It is interesting to plot the evolution of the total meteoroid mass as a function of aerodynamic pressure that is exerted on its front part. It includes the whole mass of the meteoroid in a specific timestep of the model, all the fragments, and dust grains. Then we can choose some threshold value of the total mass and compare the pressures at which all modeled Geminids reached the threshold value. In asteroid science, the threshold when the asteroid loses half of its original mass in a collision (Fujiwara et al. 1989) or by other means (Richardson et al. 1998) is called a catastrophic disruption and we think it is a useful criterion in meteoroid science, too. Therefore, we define a catastrophic disruption of a meteoroid as the moment when it loses half of its entry mass.

After fragmentation of the meteoroid, the fragments have various sizes and they spread along the flight trajectory. They are at different heights above the ground where the atmosphere has a different density and they also have different velocities because their decelerations differ. Therefore, the aerodynamic pressure exerted on these fragments is different, too. It is then necessary to plot some specific value of the aerodynamic pressure or the whole span of pressures.

thumbnail Fig. 2

Automatic solution of the EN131218 fragmentation compared to the observed radiometric curve (dark blue pluses) and a photometric light curve (sky blue disks).
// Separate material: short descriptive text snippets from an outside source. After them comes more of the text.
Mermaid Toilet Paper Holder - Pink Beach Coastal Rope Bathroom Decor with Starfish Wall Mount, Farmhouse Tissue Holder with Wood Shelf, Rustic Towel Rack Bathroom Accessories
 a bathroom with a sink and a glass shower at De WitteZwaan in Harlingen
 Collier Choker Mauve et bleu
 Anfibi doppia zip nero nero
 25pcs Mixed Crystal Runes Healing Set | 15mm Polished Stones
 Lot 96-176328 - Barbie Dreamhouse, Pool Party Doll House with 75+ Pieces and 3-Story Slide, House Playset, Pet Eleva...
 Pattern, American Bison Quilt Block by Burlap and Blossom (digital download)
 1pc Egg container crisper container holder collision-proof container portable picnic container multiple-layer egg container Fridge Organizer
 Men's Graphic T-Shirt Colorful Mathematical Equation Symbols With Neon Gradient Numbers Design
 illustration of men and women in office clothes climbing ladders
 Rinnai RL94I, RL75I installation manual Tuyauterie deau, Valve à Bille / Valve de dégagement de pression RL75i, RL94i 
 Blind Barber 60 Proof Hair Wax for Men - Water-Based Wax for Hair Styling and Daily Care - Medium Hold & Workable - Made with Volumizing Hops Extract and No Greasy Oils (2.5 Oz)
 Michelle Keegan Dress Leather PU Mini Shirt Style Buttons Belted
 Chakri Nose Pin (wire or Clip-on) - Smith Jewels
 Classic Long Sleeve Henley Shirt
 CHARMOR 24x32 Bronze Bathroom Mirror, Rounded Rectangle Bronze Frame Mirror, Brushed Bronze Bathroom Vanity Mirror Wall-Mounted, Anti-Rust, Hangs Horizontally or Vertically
The total model brightness is shown as a solid red line, the brightness of regular fragments is shown as blue curves, green curves signify eroding fragments, violet lines indicate dust particles released from these fragments, and orange curves denote regular dust released in gross fragmentations. Fragmentation times are shown with vertical dashed lines.

4 Results

The modeled Geminids were observed between 2018 and 2022. Their entry masses span almost two orders of magnitude, from 0.027 kg to 1.7 kg. Their identification and physical properties are given in Table 1. Figures 2 and 3 show one example of a model found by the semiautomatic procedure described in Sect. 2.2. Figure 2 shows a radiometric light curve of the EN131218_012640 (hereafter EN131218) fitted by the physical model and Fig. 3 shows residuals of its length along the trajectory fit. The model fits the data very well.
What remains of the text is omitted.